BAND OF HOLY JOY
FATED BEAUTIFUL MISTAKES (TINY GLOBAL PRODUCTIONS)
label:
TINY GLOBAL PRODUCTIONS
Early Band Of Holy Joy existed somewhere on the cut-up side of proto-industrial music, resting between Marc Stewart & Maffia, Sonic Youth, and Current 93, and proponents of a more romantic musical language - Virginia Astley, Dead Can Dance and Cocteau Twins among them - all artists whose work BPHJ's music sat comfortably alongside across on a stream of low-budget vinyl and cassette compilations after the start of the eighties.
A great leap in polish led to a deal with Rough Trade and several early '90s albums which flirted with the mainstream, with BOHJ almost an odder, less obvious cousin to Dexys Midnight Runners.
When these releases failed to take off as hoped, lost years followed on smaller labels and self-released projects, until the renewed urgency of the 2016 Brutalism Begins At Home EP and increasingly majestic albums on which saw leader Johny Brown's lyricism enter a new phase.
The common thread through BOHJ's four decades of recordings is the foundational warmth and humanity of Brown's words.
The band's earliest recordings seemed garnered from street-level observations of neighbourhood people and sights.

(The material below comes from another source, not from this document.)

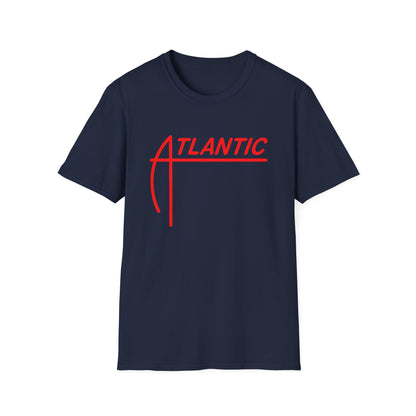 Atlantic Records Classic T Shirt – Lichtgewicht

By the time of near-hit "Tactless", their songs - whatever the underlying impulses may have been - had become immediate enough to overcome the mystery of a line like "Do you remember the swan that was shot in the park?" Over each of their last three albums - Funambulist We Love You, Neon Primitives and Dreams Take Flight - BOHJ has bettered itself, and may now have reached their apex, Fated Beautiful Mistakes.

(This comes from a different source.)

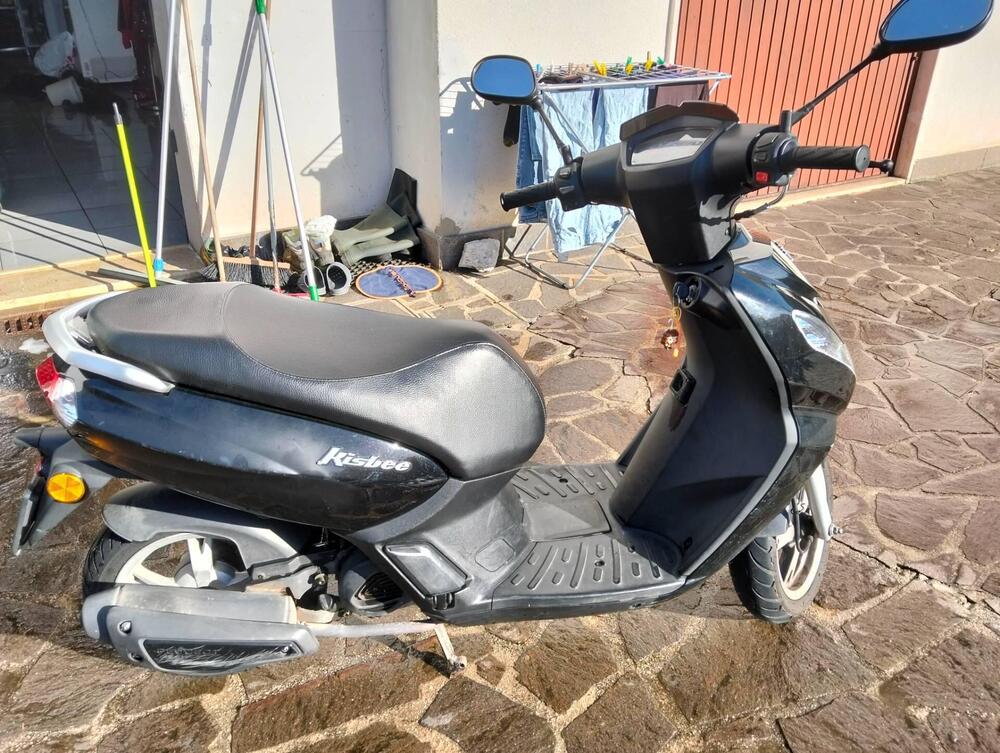 Peugeot Kisbee 50 (2010 - 18)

We live in a time of generally justifiable gloom and awkward uncertainty. So it may appear cavalier to claim this album sounds revelatory in that context, but Band Of Holy Joy's strengths rest largely in Johny Brown and the band's ability to capture a wider societal feeling.
One listen to the escapist fantasy of "Our Flighty Season Under The Flighty Sun" and its slightly-haunted ending speaks volumes beyond most of what passes for music in 2023, and it's just one of many perfect moments on this album.